Old Release

This documentation relates to an old version of DSpace, version 4.x. Looking for another version? See all documentation.

This DSpace release is end-of-life and is no longer supported.

You are viewing an old version of this page. View the current version.

Compare with Current View Page History

« Previous Version 5 Next »

Several DSpace features require that a script is run regularly (via cron, or similar).  Some of these features include:

These regularly scheduled tasks should be setup via either cron (for Linux/Mac OSX) or Windows Task Scheduler (for Windows).

Recommended Cron Settings

If you are on Linux or Mac OSX, you should add these cron settings under the OS account which is running DSpace (or Tomcat).  For example, login as that user and type the following to edit the user's crontab.

crontab -e

 

While every DSpace installation is unique, in order to get the most out of DSpace, we highly recommend enabling these basic cron settings (the settings are described below):

## SAMPLE CRONJOB FOR A PRODUCTION DSPACE
## You obviously may wish to tweak this for your own installation, but this should give you an idea of what you likely wish to schedule via cron.
##

#-----------------
# GLOBAL VARIABLES
#-----------------
# Full path of your local DSpace Installation (e.g. /home/dspace or /dspace or similar)
# MAKE SURE TO CHANGE THIS VALUE!!!
DSPACE = [dspace]

# Shell to use
SHELL=/bin/sh

# Add all major 'bin' directories to path
PATH=/usr/local/sbin:/usr/local/bin:/sbin:/bin:/usr/sbin:/usr/bin

# Set JAVA_OPTS with defaults for DSpace Cron Jobs.
# Only provides 512MB of memory by default (which should be enough for most sites). But, feel free to increase as needed to give more memory.
JAVA_OPTS="-Xmx512M -Xms512M -Dfile.encoding=UTF-8"

#--------------
# HOURLY TASKS (Recommended to be run multiple times per day, if possible)
# At a minimum these tasks should be run daily.
#--------------

# Regenerate DSpace Sitemaps every 8 hours (12AM, 8AM, 4PM). 
# SiteMaps ensure that your content is more findable in Google, Google Scholar, and other major search engines.
0 0,8,16 * * * $DSPACE/bin/dspace generate-sitemaps > /dev/null

#----------------
# DAILY TASKS (Recommended to be run once per day.

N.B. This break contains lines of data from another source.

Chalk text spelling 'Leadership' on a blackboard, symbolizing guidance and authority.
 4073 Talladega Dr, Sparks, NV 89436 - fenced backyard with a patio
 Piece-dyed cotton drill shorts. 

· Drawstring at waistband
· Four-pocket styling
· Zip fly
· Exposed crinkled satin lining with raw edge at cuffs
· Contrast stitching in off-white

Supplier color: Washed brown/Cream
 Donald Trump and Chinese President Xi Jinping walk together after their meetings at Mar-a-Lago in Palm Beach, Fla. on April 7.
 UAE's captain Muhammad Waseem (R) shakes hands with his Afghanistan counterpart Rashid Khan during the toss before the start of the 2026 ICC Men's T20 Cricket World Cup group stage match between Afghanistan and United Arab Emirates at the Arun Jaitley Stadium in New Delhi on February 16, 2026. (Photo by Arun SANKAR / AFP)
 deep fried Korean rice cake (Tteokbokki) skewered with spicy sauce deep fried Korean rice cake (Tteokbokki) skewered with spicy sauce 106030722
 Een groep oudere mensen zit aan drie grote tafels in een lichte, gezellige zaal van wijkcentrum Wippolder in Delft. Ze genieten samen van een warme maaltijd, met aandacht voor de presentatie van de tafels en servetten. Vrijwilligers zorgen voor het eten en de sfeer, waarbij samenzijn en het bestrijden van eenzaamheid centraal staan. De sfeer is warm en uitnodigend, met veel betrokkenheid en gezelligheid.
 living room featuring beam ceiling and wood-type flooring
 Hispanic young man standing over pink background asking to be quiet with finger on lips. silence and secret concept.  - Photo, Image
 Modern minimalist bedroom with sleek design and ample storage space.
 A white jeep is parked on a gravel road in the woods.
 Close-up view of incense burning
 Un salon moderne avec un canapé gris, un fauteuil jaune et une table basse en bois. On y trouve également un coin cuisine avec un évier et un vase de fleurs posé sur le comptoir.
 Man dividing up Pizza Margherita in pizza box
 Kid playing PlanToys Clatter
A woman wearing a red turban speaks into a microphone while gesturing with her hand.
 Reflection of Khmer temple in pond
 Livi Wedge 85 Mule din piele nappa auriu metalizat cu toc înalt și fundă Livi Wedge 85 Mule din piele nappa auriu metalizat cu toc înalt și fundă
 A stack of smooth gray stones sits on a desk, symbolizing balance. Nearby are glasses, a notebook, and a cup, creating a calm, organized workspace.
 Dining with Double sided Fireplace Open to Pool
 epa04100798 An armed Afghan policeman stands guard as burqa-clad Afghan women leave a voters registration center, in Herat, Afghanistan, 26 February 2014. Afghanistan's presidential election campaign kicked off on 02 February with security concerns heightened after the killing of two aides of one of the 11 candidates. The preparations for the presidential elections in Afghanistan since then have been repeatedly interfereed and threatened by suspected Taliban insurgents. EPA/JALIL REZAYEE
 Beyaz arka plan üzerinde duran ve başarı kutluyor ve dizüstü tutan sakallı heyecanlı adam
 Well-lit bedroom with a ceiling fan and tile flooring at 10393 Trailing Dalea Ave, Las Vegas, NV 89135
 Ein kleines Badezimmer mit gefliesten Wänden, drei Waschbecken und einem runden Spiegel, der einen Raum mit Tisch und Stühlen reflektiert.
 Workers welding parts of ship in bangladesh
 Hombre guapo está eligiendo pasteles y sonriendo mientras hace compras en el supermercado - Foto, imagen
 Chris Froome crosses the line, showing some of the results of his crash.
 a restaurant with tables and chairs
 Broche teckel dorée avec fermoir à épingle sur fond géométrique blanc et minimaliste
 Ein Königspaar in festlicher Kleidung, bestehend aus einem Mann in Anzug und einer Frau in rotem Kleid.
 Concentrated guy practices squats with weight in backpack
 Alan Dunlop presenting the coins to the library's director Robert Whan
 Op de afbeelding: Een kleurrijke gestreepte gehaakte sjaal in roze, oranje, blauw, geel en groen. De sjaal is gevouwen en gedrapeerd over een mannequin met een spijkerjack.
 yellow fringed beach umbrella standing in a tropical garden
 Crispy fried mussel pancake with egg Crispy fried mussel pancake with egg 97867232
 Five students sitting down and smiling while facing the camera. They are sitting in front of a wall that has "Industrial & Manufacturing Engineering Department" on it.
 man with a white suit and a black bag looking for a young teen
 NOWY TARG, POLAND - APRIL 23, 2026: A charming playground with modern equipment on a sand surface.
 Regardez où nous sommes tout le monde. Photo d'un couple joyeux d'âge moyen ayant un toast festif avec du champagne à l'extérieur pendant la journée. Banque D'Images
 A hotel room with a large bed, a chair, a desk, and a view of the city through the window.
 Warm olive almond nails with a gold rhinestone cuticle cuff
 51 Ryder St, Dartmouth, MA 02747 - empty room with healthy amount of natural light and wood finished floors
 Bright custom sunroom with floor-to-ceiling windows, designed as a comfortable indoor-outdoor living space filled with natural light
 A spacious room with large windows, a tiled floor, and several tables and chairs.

Feel free to tweak the scheduled times below.)
#----------------

# Update the OAI-PMH index with the newest content (and re-optimize that index) at midnight every day
# (This is only necessary if you are running OAI-PMH. It ensures new content is available via OAI-PMH.
# It also ensures the OAI-PMH index is optimized for better performance)
0 0 * * * $DSPACE/bin/dspace oai import -o > /dev/null

# Clean and Update the Discovery indexes at midnight every day
# (This ensures that any deleted documents are cleaned from the Discovery search/browse index)
0 0 * * * $DSPACE/bin/dspace index-discovery > /dev/null

# Re-Optimize the Discovery indexes at 12:30 every day
# (This ensures that the Discovery Solr Index is re-optimized for better performance)
30 0 * * * $DSPACE/bin/dspace index-discovery -o > /dev/null

# Cleanup Web Spiders from DSpace Statistics Solr Index at 01:00 every day
# (This removes any known web spiders from your usage statistics)
0 1 * * * $DSPACE/bin/dspace stats-util -m -i -f

# Re-Optimize DSpace Statistics Solr Index at 01:30 every day
# (This ensures that the Statistics Solr Index is re-optimized for better performance)
30 1 * * * $DSPACE/bin/dspace stats-util -o

# Send out subscription e-mails at 02:00 every day
# (This sends an email to any users who have "subscribed" to a Collection, notifying them of newly added content.)
0 2 * * * $DSPACE/bin/dspace sub-daily

# Run the media filter at 03:00 every day.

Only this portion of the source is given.